Work to be completed =
Output every line below as it stands, dropping only the images.

Data block =
+--

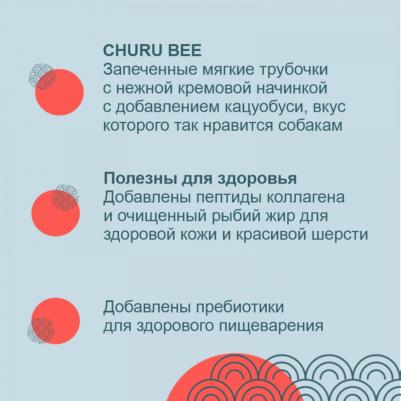 Лакомство для собак Churu Bee трубочки для здоровья кожи, куриное филе 10гх7шт – фото 1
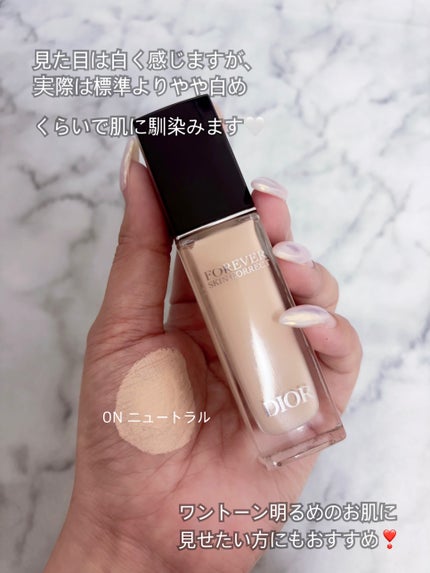 ディオール アディクト リップ マキシマイザー/Dior/リップグロスを使ったクチコミ(2枚目)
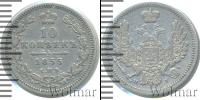 Монета 1825 – 1855 Николай I 10 копеек Серебро 1855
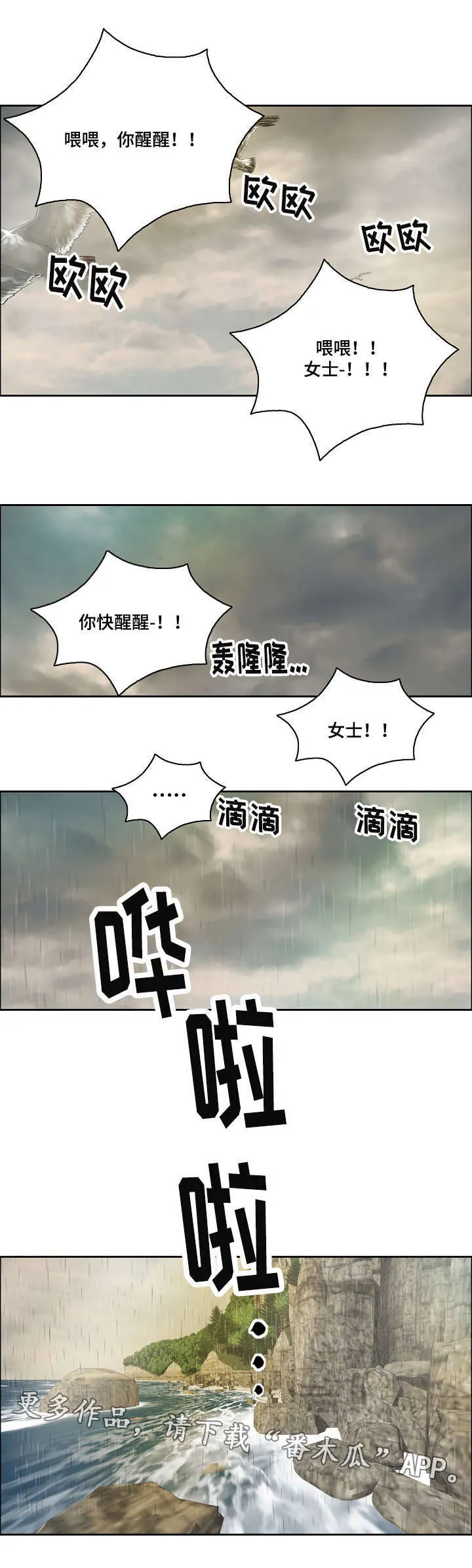 无生之路官方漫画漫画,第10章：失去理智2图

+--

Written solution =
 Лакомство для собак Churu Bee трубочки для здоровья кожи, куриное филе 10гх7шт – фото 1
 ディオール アディクト リップ マキシマイザー/Dior/リップグロスを使ったクチコミ(2枚目)
 Монета 1825 – 1855 Николай I 10 копеек Серебро 1855
 无生之路官方漫画漫画,第10章：失去理智2图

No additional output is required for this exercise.